Kuran ve Şefaat kitabında, Prof. Yaşar Düzenli, Mekke müşrik zihniyeti ile bugünün şefaat anlatma dilinin aynı olduğunu, Kuran’ın şefaat inancını asla kabul etmediğini vurguluyor.

Öyle anlaşılıyor ki Mekke müşrikleri Allah’ı, tıpkı bir hükümdar gibi düşünüyorlar ve antropomorfist bir yaklaşım sergiliyorlardı. Nasıl ki, hükümdarın yanına doğrudan değil, aracılar vasıtasıyla girilir, hükümdara bir şey kabul ettirmek için onun katında sözü geçen birini bulmak gerekirse; Allah’ın huzuruna varmak ve O’nun tarafından kabul görmek için de aracılara başvurmak gereğine inanmışlardır. İşte ayet bu anlayışı ortadan kaldırmaya yönelik ilk adımdır.

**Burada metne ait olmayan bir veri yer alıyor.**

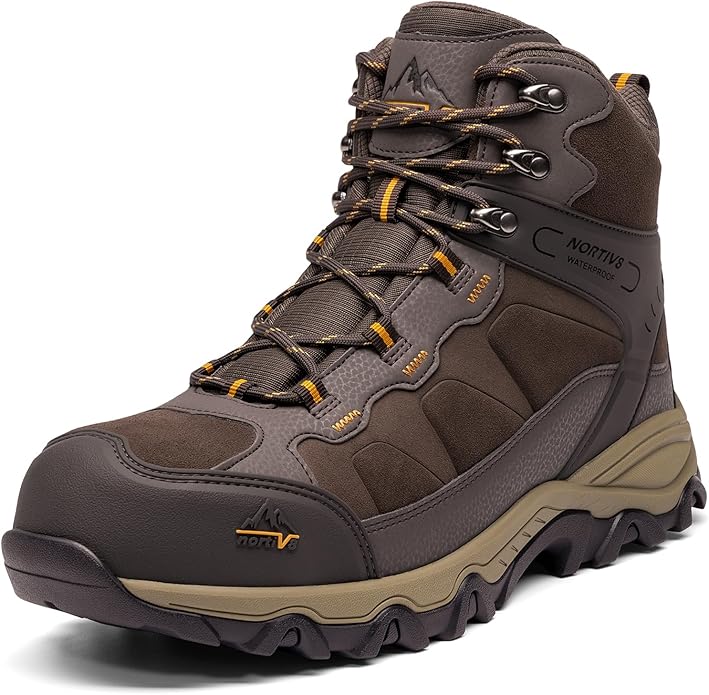 NORTIV 8 Waterproof Steel Toe Boots for Men Slip Resistant Safety Industrial Boots Paladin-Steel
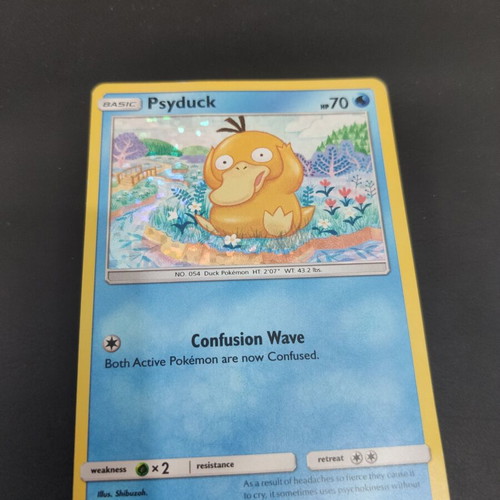 Psyduck Pokemon card, holo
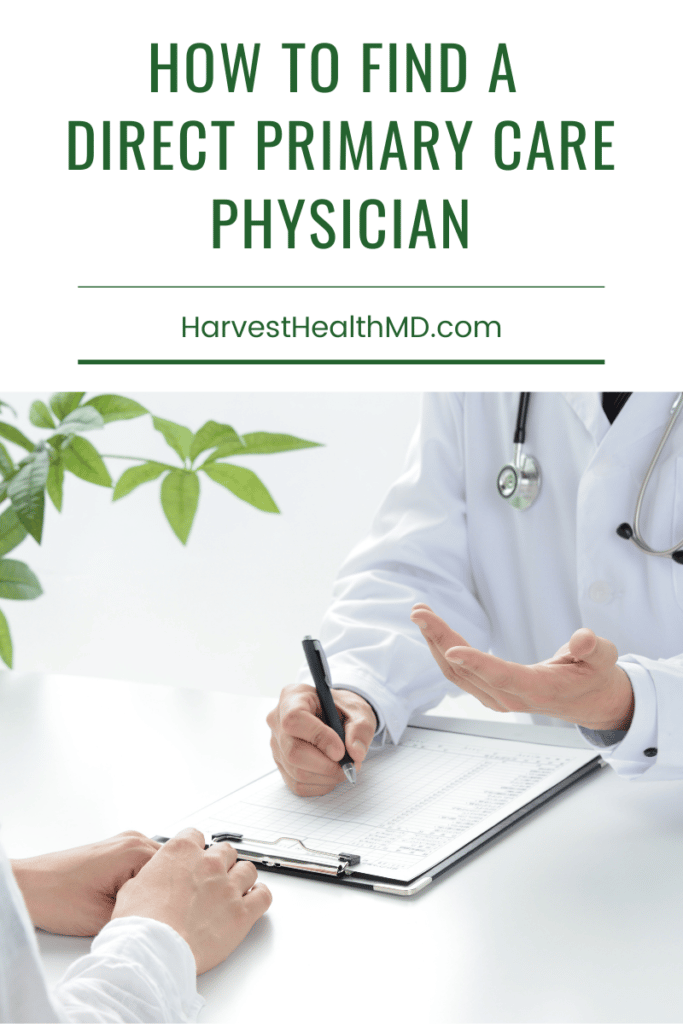 Harvest Health MD Blog How to Find A Direct Primary Care Physician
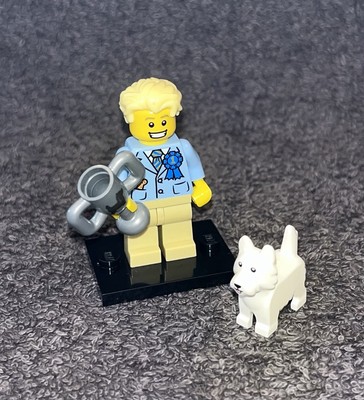 LEGO CMF MINIFIGUR - (71013) - SERIE 16 - KOMPLETT SEHR GUTER ZUSTAND - DOG SHOW WINNER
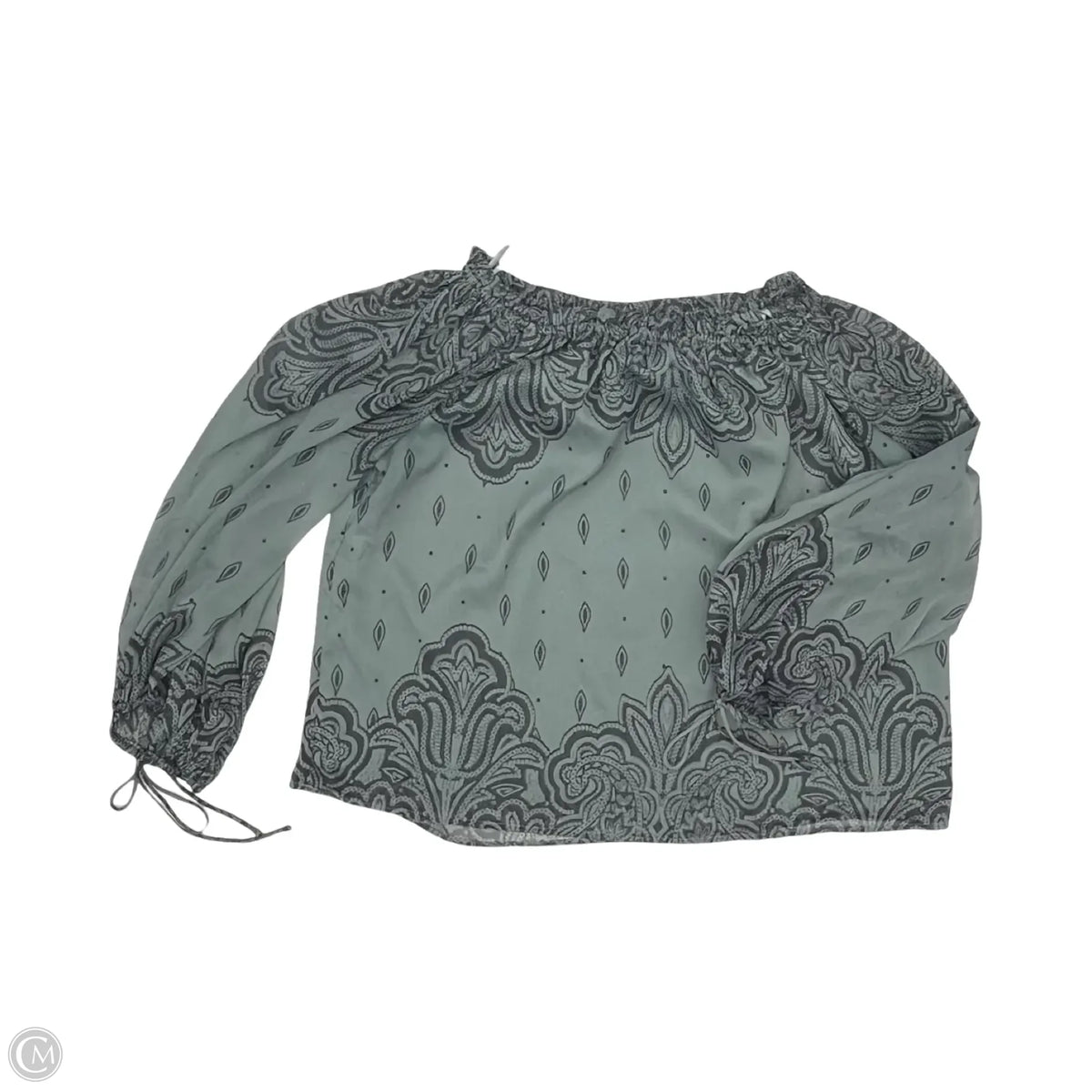 Blouse Long Sleeve By Loft In Green, Size: M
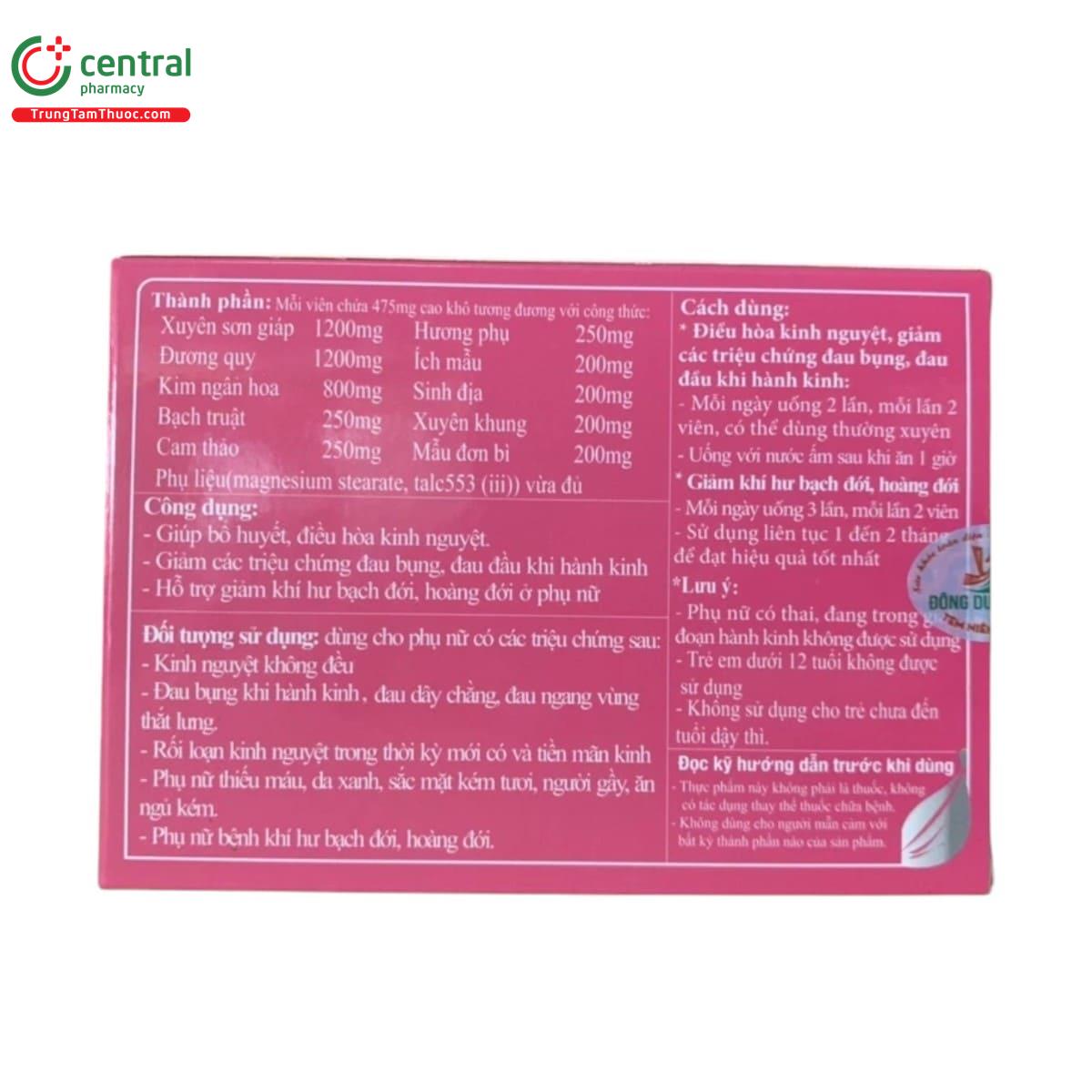 bo huyet dieu kinh dong duoc viet 3 N5165 bo huyet dieu kinh dong duoc viet 3 N5165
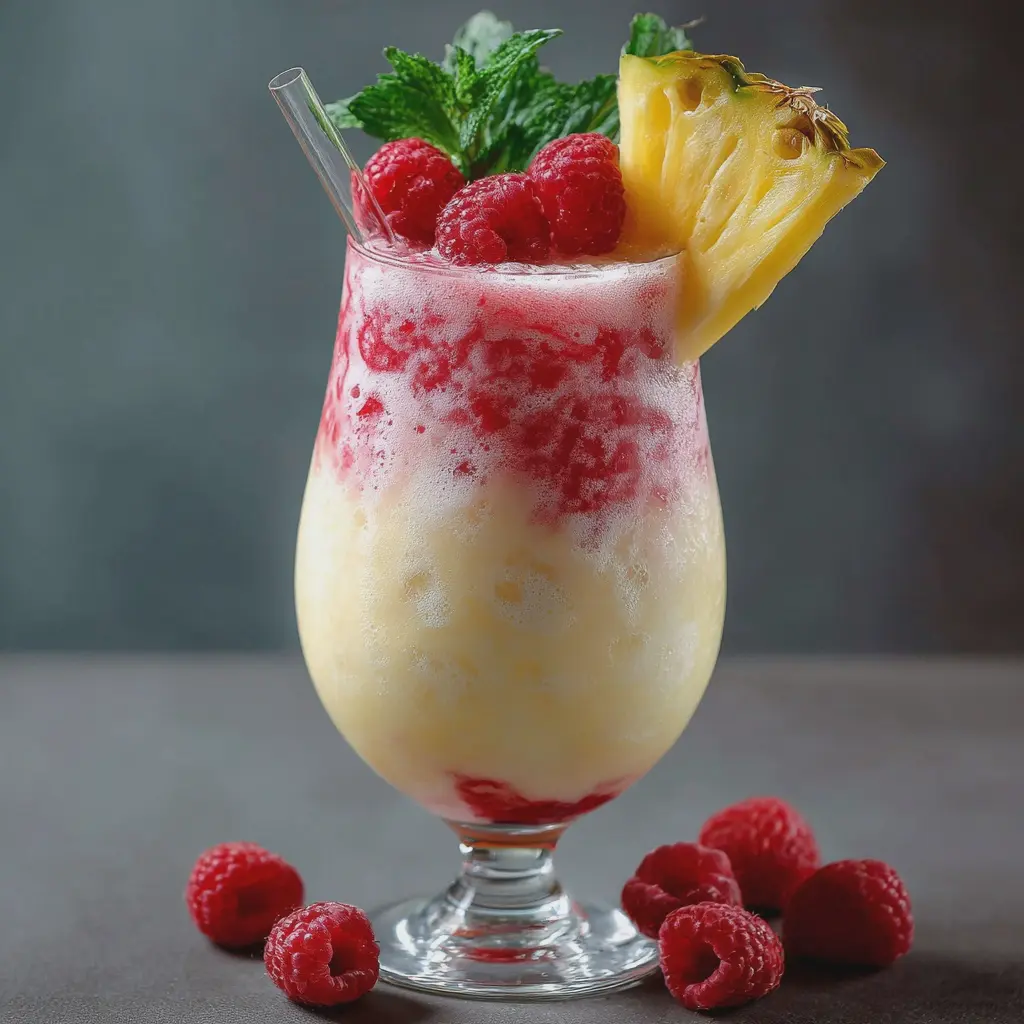 Piña Colada aux Framboises (Sans Alcool)
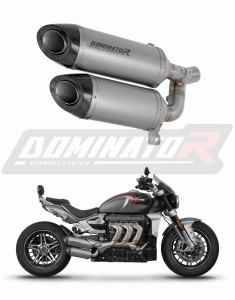 TRIUMPH ROCKET 3 GT 2019 - 2024 výfuk Tlumič titanový HP8 + dB killer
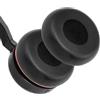 Tweozhui 1 paio cuscinetti cuffie per Jabra, Cuscinetti Auricolari di Ricambio in Memory Foam e Pelle Sintetica per Jabra Evolve 75 e 75+ / 75 UC / 75MS, Facile Installazione, Confortevoli e Durevoli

Şah Veliyyullah Dehlevî’nin dediği gibi, yerleri ve göklerin yaratıcısının Allah olduğunu söyleyen bu insanların bir kısım yarı tanrılar ihdas ederek, Allah katında kendilerine şefaatçi edinmeleri, kıyasu’l-ğaib ale’ş-şâhit usulünden hareket ederek, Allah’ı dünya krallarına benzetme yanlışlığındandır. (Kuran ve Şefaat – Prof. Yaşar Düzenli – Pınar Yayınları – S.120)

Allah bir Kral değildir. Şeyh sandıkları insanlar ise Kral’ın yardımcıları değildir. Şeyhlerini, Allah’ın yanına girmeden önce müracaat edilen Özel Kalem Müdürü gibi anlatan şefaat tüccarlarından uzak durun. Allah, tüm kullarına şah damarından daha yakındır. Şah damarınızdan daha yakın olan Allah’a ulaşmak için, şeyh damarından bahsedenler, şefaat tüccarı sahtekarlardır.

Şeyh damarı tuzak, şefaat inancı oltadır.